With these six goals and four questions in mind, we can assess the fundamentals—and some of the pitfalls—of putting together an obfuscation strategy. Of course, the questions won’t end with these. As viable practice, as a powerful and credible response to oppressive data regimes, obfuscation will be well served by conditions that will enable it to develop and thrive. These include the following:

• Progress in relevant sciences and engineering Develop methods in statistics, cryptography, systems engineering, machine learning, system security, networking, and threat modeling that address questions like: how much noise, what kind of noise, how to tailor for the target of noise, how to protect against attack, and for what specific problems is obfuscation the right solution?

• Progress in relevant social sciences, theory, and ethics Address questions about what individuals want and need in their uses of obfuscating systems, and to engage in sound normative assessments of proposed systems.

• Progress in technology policy and regulation Safeguard open and public standards and protocols that allow developers of obfuscating systems access to and engagement with critical infrastructure; encourage large, public facing systems to offer open APIs to developers of obfuscating systems; and refuse enforcement of Terms of Service that prohibit reasonable obfuscating systems.

Obfuscation, in its humble, provisional, better-than-nothing, socially contingent way, is deeply entangled with the context of use. Are you creating a personal act of refusal, designed to stand on its own as a gesture of protest, whether or not it actually makes data collection less useful? Are you using obfuscation as one element in a larger suite of privacy-protection tools tailored to a group and an adversary—obfuscation that has to work verifiably in relation to a specific data-analysis strategy? Perhaps you are applying obfuscation at the level of policy, or to data collection that requires more effort to misuse, so as to increase the cost of indiscriminate surveillance. Or perhaps you are developing or contributing to software that can provide a service with a layer of obfuscation that makes it difficult to do anything but provide the service.
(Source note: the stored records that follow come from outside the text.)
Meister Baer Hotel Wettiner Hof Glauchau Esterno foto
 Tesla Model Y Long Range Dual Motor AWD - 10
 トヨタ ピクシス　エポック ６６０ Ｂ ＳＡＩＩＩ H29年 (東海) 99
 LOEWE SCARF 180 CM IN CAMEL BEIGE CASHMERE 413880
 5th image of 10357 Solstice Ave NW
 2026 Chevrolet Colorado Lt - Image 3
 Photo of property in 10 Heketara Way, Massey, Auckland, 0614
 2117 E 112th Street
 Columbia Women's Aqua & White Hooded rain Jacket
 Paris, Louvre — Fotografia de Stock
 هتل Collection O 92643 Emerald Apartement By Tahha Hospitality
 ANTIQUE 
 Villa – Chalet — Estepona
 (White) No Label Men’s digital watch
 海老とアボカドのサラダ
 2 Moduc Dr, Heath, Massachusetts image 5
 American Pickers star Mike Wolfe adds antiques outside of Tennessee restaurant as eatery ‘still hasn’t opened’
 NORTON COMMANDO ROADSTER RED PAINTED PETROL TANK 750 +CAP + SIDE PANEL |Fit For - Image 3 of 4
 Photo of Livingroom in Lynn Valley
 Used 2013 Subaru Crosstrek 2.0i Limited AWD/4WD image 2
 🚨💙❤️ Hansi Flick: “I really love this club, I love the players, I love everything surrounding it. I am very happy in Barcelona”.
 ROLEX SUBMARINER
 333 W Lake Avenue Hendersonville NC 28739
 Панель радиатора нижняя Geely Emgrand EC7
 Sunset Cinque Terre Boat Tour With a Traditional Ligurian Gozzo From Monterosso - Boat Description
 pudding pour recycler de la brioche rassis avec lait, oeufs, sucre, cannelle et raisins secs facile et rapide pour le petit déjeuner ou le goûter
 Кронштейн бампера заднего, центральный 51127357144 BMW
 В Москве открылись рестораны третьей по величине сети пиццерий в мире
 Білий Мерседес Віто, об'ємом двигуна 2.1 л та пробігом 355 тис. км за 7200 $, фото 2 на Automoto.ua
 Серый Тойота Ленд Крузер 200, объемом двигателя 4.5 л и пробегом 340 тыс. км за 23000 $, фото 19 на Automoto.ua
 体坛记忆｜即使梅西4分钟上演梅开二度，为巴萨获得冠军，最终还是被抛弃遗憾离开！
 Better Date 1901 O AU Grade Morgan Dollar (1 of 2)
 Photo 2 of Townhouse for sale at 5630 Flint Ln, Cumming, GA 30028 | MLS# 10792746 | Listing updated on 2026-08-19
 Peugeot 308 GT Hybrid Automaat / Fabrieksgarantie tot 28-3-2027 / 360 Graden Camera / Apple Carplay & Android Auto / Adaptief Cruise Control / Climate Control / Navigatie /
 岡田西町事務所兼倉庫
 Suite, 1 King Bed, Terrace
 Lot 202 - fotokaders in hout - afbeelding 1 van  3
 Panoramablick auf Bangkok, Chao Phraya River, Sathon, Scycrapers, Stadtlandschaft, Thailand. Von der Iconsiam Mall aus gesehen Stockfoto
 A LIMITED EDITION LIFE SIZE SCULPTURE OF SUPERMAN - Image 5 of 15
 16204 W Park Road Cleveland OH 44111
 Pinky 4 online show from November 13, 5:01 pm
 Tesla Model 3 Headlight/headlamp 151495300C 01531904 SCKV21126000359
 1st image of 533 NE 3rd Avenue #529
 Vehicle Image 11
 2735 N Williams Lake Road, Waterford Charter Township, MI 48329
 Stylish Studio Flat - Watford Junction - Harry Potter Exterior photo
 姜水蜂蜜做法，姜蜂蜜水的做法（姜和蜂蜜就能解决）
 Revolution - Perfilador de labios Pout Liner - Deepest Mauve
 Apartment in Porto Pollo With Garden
You may have access to considerable technical, social, political, and financial resources, or you may be filling out forms, dealing with institutions, or interacting online without much choice in the matter. With all of those different possibilities, however, the issues raised by our goals and questions are general to obfuscation projects across different domains, and working through them provides a starting point for getting your obfuscation work out into the world, where it can begin doing good by making noise.